Truman Show – A Vida Em Directo é então, simultaneamente, um filme e um reality show que acompanha a vida de Truman Burbank (Jim Carrey) desde que nasceu: um tipo que vive num mundo à parte – a ilha de Seaheaven -, um gigantesco estúdio de televisão que mais não é que uma prisão de proporções épicas. Tudo é criado artificialmente em Seaheaven e Truman é a única coisa real naquela encenação. E é seguido 24 horas por dia, em directo, por todo o mundo, no programa de televisão mais visto de sempre. E tudo isso sem desconfiar de nada. Até que a ordem natural das coisas o vai fazer questionar a sua existência e vai desejar alargar os seus horizontes e procurar novas paragens.
Truman Show – A Vida Em Directo é um filme que funciona a vários níveis. Começando logo pelo registo metafísico. Truman Show – A Vida Em Directo subverte a própria condição humana, colocando pela primeira vez um homem como o centro do universo e manipulando o seu destino a seu bel-prazer. De repente, deixa de haver coincidências, destino, ou, simplesmente, a providência. Tudo é artifical e há um homem que faz de Deus: Cristof (Ed Harris), o criador do programa. Sartre e Nietzsche teriam adorado o filme…
Depois, é também um excelente documento arquitectónico.

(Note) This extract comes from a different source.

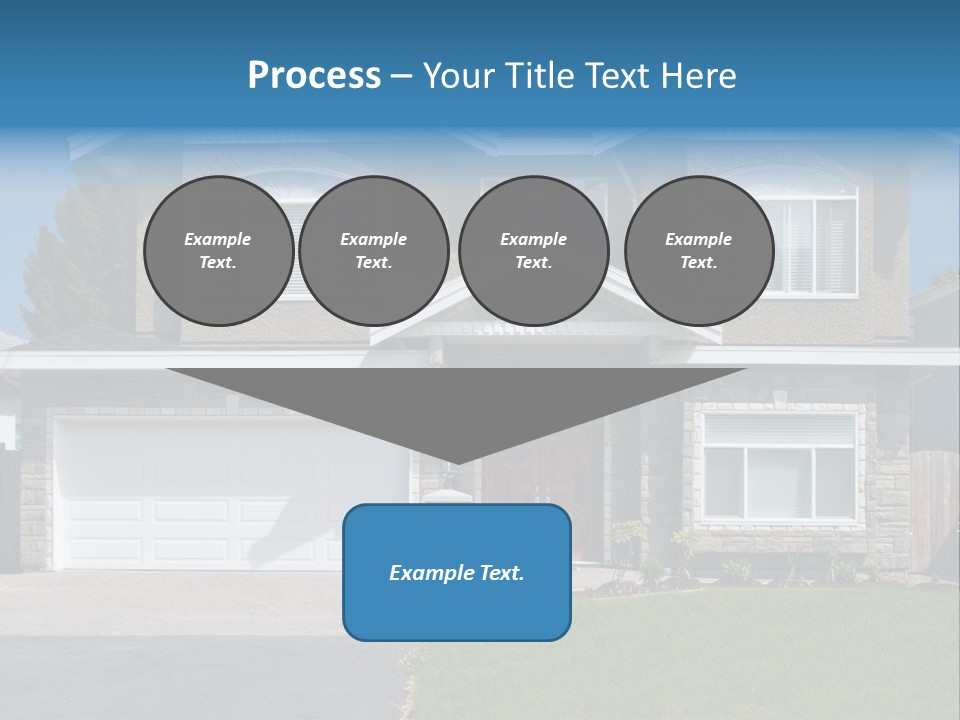 Heat Remote Ventilation PowerPoint Template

Truman vive num mundo cem por cento artificial: a cidade Seaheaven, adoptada dos ideais do sonho americano, o tradicional subúrbio modernista norte-americano, das casas todas iguais, com um pedaço de terreno à frente, em alamedas levemente curvilíneas. No fundo, não passam de guetos de luxo. E o que é assustador é que Seaheaven existe mesmo e há pessoas se pagam para viver lá.
Por fim, e quiçá o mais óbvio, Truman Show – A Vida Em Directo é uma acutilante e pertinente crítica social ao alheamento provocado pela televisão, uma paródia à programação televisiva, um apontar do dedo à estupidez que são os reality shows e o product placement e um arreganhar de dentes à manipulação que a caixinha mágica provoca na sociedade. E como a realidade é sempre mais estranha que a ficção, um ano antes vimos quase em directo como os paparazis conseguiram matar uma (ex)raínha.
Para além de tudo isto, Truman Show – A Vida Em Directo é ainda um objecto artístico bastante razoável, que passa com distinção a difícil de tarefa de ser filmado como se fosse ele próprio um programa televisivo. É para mim um dos mais completos Royales With Cheeses que conheço.